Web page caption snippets
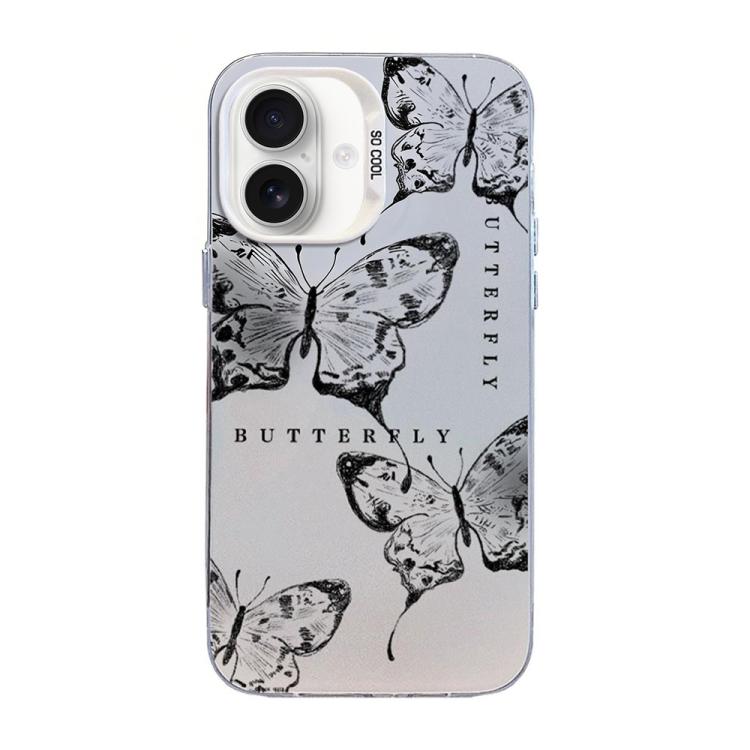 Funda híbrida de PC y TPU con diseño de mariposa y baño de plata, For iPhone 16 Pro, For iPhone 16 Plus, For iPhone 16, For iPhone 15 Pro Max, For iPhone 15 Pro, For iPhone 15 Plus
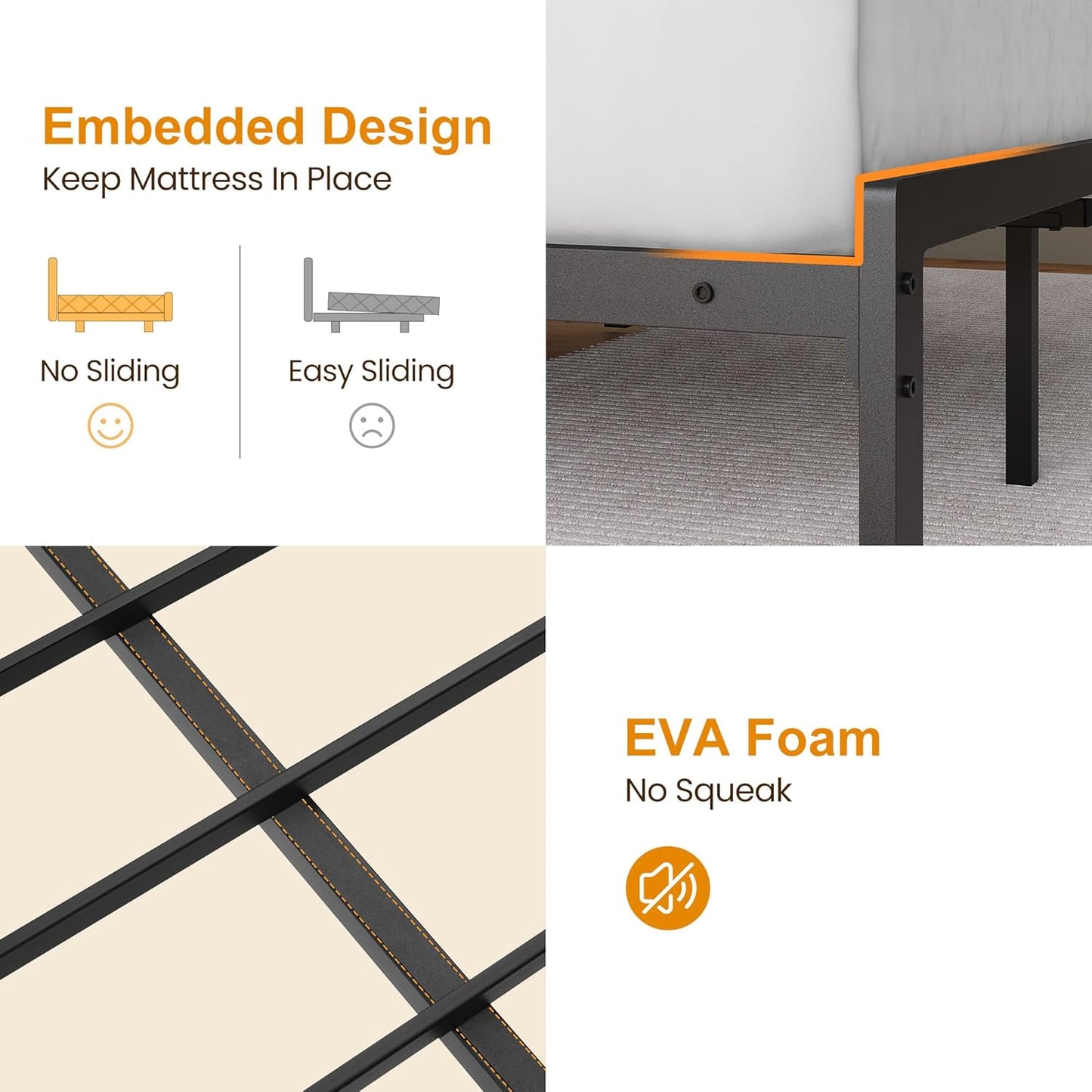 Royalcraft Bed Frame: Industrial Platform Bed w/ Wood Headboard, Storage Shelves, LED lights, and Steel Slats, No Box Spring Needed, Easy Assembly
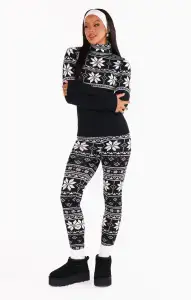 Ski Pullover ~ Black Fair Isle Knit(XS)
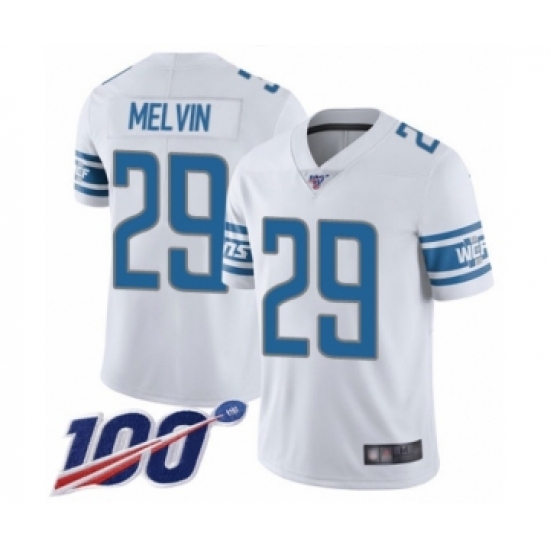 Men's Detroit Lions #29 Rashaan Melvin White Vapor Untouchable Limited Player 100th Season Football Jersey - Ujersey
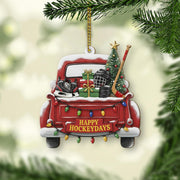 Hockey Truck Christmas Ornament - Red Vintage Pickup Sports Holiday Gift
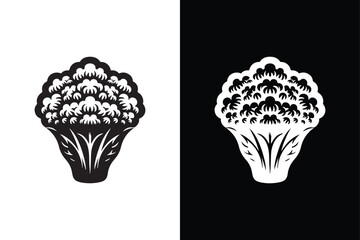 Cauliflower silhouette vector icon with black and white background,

WORK TO BE COMPLETED: Drop the pictures, then transcribe the lines from the one containing "Men's Detroit Lions" to the end of the data above, exactly and nothing more.

RESPONSE TO THE TASK:
 Men's Detroit Lions #29 Rashaan Melvin White Vapor Untouchable Limited Player 100th Season Football Jersey - Ujersey
 Hockey Truck Christmas Ornament - Red Vintage Pickup Sports Holiday Gift
 Cauliflower silhouette vector icon with black and white background,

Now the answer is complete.